Assignment:
Look through the records below, and whenever a line contains "House", copy it.

Record set:

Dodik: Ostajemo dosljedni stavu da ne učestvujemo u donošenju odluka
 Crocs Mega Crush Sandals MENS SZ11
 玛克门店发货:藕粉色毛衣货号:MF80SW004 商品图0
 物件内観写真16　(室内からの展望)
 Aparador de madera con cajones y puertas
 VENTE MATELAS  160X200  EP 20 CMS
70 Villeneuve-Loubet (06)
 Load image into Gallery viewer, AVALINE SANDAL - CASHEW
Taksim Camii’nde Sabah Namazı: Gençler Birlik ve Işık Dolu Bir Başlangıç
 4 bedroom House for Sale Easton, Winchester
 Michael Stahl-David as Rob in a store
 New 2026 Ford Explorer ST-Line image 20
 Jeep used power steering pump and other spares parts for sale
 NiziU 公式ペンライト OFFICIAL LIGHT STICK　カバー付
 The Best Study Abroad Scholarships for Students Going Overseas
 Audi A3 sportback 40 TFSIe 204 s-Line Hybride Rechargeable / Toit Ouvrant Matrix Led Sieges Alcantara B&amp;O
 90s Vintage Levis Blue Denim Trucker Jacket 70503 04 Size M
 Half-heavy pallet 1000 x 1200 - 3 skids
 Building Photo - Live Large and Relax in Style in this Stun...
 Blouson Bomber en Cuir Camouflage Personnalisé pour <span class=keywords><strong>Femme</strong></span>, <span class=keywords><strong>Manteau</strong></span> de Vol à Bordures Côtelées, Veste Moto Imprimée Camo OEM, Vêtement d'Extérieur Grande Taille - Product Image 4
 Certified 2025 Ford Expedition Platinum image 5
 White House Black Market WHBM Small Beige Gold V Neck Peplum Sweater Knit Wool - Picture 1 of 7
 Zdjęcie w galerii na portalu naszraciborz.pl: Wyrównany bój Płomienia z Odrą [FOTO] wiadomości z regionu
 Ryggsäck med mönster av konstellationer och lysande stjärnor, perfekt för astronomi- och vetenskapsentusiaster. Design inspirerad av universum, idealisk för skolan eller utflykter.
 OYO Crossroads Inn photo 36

Output below:
 4 bedroom House for Sale Easton, Winchester
 White House Black Market WHBM Small Beige Gold V Neck Peplum Sweater Knit Wool - Picture 1 of 7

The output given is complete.